Web page caption snippets:
BEGIN
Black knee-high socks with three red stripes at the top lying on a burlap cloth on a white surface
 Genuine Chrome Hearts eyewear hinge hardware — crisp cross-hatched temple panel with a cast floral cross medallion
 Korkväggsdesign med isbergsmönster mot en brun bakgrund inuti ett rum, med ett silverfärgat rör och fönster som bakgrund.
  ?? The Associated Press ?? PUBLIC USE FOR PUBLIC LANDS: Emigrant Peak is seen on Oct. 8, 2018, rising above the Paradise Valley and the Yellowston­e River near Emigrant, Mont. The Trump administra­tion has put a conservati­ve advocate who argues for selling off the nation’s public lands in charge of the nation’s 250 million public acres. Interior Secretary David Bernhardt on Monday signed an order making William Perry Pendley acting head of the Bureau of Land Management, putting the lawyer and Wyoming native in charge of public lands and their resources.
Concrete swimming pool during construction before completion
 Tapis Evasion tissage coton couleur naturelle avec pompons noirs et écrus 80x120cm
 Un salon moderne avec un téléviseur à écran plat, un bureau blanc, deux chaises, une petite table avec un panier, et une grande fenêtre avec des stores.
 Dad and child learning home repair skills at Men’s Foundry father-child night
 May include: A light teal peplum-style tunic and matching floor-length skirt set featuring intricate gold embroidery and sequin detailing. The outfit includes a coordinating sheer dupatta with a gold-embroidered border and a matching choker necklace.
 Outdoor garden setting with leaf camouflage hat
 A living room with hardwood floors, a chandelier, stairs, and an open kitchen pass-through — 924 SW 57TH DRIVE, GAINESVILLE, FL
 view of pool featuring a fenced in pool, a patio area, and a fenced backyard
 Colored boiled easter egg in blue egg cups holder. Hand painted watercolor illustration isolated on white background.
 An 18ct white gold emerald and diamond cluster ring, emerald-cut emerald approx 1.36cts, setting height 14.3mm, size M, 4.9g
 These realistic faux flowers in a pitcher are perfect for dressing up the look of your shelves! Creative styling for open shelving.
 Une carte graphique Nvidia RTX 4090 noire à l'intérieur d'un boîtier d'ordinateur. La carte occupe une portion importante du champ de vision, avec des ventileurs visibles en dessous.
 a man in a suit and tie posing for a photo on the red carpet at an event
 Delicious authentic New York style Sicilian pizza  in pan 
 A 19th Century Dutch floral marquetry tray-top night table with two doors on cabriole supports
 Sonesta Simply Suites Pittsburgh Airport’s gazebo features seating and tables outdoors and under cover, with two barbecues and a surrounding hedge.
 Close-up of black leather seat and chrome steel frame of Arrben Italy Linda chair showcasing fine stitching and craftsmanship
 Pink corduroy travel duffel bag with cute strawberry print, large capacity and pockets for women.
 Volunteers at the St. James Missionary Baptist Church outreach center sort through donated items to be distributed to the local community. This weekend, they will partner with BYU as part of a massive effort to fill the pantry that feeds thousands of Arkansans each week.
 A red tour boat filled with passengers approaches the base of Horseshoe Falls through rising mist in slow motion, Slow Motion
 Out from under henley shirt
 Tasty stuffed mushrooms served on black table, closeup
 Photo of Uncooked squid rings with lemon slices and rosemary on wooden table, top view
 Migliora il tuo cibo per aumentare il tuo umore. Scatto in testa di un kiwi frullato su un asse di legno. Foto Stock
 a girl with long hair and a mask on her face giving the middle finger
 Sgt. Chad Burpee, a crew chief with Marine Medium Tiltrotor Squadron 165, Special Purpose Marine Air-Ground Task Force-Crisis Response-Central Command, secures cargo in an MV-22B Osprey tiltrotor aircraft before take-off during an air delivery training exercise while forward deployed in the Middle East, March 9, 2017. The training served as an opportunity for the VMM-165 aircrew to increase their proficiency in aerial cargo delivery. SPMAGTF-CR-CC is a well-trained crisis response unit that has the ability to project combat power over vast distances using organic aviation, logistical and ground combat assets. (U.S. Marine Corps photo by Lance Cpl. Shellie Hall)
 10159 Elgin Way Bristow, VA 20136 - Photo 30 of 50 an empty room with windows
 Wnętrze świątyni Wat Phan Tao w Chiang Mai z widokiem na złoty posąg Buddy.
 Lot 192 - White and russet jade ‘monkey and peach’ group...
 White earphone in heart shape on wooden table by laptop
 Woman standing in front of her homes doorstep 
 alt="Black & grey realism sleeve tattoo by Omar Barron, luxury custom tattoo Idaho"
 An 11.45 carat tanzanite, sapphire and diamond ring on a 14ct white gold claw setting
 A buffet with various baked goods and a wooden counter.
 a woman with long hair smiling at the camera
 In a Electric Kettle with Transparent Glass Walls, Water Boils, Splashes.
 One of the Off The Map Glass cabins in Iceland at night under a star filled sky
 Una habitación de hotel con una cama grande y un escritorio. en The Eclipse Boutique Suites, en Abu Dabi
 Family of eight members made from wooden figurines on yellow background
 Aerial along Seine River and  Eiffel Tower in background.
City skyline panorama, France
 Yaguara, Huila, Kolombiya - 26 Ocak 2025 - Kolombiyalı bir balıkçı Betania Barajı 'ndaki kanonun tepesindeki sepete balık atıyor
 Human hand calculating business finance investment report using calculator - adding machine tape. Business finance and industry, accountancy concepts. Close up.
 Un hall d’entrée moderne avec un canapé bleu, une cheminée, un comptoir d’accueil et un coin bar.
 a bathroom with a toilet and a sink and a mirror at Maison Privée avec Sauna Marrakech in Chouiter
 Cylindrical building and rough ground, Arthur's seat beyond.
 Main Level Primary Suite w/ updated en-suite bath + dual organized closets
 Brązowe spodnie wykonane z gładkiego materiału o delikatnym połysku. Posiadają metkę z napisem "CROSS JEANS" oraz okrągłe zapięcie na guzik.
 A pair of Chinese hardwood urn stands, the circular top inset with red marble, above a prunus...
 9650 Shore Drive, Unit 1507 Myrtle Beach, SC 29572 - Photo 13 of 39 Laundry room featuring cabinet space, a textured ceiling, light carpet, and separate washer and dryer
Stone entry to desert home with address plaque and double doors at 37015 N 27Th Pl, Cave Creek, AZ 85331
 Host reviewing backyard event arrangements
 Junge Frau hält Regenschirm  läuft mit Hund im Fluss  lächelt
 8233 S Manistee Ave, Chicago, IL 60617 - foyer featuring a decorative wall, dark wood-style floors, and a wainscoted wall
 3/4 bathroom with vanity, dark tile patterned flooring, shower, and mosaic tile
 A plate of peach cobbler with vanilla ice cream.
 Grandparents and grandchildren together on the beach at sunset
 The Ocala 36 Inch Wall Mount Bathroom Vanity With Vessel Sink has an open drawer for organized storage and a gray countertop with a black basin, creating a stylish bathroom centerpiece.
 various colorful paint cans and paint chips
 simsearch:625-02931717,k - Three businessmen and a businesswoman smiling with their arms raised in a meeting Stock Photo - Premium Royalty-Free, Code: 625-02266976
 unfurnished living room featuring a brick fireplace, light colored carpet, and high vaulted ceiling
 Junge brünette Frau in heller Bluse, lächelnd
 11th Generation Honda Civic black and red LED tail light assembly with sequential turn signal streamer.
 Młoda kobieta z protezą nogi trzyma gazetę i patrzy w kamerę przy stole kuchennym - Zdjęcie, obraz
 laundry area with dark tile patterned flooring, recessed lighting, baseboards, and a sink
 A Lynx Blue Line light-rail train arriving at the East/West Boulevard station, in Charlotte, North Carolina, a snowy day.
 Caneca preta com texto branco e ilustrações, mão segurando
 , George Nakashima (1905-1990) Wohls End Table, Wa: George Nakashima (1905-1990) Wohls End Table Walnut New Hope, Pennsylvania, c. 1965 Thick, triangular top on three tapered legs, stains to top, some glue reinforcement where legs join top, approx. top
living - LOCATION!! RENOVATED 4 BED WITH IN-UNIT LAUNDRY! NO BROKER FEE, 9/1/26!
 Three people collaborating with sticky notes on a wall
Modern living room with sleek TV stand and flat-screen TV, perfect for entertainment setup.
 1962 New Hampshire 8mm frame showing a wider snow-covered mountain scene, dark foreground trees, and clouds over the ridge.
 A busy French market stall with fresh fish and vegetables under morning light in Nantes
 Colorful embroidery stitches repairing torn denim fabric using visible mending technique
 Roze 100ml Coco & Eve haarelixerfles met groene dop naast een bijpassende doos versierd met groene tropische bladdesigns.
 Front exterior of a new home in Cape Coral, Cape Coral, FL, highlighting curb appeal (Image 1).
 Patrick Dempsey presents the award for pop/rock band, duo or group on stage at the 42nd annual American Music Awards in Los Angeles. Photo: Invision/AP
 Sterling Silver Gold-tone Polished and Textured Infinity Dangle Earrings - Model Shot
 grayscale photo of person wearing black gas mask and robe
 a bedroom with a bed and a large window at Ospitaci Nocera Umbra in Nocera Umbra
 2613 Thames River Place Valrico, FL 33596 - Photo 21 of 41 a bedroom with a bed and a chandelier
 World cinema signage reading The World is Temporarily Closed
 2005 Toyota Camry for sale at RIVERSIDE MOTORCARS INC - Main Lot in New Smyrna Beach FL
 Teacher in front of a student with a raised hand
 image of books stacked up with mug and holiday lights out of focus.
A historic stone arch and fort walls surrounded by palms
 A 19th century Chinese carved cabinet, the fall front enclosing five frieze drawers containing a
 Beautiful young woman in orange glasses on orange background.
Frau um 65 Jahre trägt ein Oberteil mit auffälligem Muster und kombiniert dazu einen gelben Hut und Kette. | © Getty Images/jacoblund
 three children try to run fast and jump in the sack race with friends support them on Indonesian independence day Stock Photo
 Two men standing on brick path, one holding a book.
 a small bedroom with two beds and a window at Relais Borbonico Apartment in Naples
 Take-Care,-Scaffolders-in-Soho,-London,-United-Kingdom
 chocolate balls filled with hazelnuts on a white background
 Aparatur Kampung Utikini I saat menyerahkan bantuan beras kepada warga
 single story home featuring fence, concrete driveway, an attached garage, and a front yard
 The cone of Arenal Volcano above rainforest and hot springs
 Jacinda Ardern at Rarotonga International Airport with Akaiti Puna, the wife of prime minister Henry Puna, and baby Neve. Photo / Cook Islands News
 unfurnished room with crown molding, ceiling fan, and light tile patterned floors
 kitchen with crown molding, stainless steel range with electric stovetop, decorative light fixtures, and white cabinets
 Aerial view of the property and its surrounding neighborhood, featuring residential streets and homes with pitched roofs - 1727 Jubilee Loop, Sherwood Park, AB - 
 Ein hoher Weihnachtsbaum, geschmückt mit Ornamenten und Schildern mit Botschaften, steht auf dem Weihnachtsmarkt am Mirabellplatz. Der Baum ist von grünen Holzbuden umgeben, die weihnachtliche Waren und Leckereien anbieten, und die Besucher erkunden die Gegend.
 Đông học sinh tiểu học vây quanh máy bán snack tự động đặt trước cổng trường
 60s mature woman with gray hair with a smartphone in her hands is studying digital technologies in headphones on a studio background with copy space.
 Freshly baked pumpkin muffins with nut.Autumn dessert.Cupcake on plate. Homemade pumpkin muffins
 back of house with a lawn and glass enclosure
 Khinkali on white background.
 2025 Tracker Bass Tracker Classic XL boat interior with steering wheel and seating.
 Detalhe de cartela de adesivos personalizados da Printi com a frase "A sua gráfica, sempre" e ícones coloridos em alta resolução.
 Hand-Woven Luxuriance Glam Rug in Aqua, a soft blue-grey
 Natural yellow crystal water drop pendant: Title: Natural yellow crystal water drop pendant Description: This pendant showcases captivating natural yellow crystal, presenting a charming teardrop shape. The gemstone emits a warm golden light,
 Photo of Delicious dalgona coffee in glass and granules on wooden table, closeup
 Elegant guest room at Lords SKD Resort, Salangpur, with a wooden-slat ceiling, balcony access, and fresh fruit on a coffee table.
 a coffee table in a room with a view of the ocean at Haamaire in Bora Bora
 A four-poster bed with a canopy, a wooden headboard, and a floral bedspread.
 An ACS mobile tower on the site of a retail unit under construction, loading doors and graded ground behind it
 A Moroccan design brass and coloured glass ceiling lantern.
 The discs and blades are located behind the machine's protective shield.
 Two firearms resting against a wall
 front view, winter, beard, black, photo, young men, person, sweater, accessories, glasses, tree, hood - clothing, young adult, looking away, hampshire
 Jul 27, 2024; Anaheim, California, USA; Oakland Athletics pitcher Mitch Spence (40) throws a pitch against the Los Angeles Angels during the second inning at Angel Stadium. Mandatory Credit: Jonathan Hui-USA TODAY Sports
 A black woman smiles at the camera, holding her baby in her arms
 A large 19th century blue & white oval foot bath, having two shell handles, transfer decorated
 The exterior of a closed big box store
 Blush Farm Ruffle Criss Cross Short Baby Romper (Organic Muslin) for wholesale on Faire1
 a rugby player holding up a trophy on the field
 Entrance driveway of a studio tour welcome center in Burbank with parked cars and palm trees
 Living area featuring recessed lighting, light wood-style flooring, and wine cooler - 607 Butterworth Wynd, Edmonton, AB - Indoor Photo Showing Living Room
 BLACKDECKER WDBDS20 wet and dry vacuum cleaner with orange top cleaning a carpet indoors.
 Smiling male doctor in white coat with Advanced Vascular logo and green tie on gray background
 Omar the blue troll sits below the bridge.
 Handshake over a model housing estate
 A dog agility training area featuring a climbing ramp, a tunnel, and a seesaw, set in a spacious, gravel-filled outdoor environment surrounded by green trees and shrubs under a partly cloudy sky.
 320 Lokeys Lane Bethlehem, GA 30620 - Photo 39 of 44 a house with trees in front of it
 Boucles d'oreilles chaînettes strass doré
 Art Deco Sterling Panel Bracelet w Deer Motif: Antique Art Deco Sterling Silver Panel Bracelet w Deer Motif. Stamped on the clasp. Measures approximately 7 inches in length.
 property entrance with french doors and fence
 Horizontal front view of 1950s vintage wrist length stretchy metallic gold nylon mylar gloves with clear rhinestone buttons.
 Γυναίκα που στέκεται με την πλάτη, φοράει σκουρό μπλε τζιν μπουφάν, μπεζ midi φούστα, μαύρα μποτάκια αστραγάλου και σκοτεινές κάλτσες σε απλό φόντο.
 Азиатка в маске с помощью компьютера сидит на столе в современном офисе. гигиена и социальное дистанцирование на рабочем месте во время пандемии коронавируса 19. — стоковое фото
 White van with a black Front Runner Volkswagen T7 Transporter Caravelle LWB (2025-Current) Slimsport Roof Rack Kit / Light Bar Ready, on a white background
END
* **YOUR OBJECTIVE**: Within the records above, each line containing "Chinese" is to be returned.

* **RESPONSE FOR THIS EXERCISE**:
 A pair of Chinese hardwood urn stands, the circular top inset with red marble, above a prunus...
 A 19th century Chinese carved cabinet, the fall front enclosing five frieze drawers containing a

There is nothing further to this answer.